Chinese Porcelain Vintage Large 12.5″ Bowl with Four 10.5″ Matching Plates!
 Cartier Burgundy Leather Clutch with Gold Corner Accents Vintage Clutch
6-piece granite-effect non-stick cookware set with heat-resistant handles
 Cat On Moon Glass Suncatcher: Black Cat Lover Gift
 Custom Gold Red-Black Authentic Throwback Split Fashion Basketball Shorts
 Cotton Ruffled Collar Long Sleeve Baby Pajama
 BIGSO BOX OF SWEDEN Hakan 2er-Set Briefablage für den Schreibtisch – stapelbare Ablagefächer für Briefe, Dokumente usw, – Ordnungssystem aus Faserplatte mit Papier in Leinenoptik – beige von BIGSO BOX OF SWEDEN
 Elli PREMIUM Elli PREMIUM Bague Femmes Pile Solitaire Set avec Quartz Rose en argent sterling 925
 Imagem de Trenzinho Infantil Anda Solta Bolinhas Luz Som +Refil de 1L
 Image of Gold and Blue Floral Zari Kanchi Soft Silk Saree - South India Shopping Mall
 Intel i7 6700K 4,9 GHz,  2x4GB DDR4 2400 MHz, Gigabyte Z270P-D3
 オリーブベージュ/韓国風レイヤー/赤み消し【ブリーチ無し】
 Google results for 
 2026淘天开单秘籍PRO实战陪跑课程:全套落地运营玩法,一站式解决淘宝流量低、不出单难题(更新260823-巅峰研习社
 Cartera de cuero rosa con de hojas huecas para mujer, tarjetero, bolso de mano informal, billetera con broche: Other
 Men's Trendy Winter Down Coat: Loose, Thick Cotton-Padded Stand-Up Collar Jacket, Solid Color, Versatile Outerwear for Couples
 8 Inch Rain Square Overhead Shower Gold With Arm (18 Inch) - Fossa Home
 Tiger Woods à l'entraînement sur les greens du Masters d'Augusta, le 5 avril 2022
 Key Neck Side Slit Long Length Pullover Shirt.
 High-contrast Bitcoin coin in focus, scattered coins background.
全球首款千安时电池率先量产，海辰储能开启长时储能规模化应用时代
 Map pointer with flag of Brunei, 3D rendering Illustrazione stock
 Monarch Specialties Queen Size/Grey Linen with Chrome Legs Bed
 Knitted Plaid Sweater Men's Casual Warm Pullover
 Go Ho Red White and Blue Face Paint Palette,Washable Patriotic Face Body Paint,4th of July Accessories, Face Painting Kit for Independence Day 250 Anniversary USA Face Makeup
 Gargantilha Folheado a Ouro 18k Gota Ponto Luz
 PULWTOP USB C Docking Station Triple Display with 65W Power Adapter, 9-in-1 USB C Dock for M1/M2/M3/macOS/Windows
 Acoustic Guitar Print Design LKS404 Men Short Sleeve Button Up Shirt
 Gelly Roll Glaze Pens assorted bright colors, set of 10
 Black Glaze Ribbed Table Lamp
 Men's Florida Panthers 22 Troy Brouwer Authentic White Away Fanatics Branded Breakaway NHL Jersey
● ● ● ● ●
* WHAT NEEDS TO BE DONE *
Taking the line that contains "Gelly Roll Glaze" as the first, reproduce every line through the end of the entries exactly.

* TASK RESPONSE *
 Gelly Roll Glaze Pens assorted bright colors, set of 10
 Black Glaze Ribbed Table Lamp
 Men's Florida Panthers 22 Troy Brouwer Authentic White Away Fanatics Branded Breakaway NHL Jersey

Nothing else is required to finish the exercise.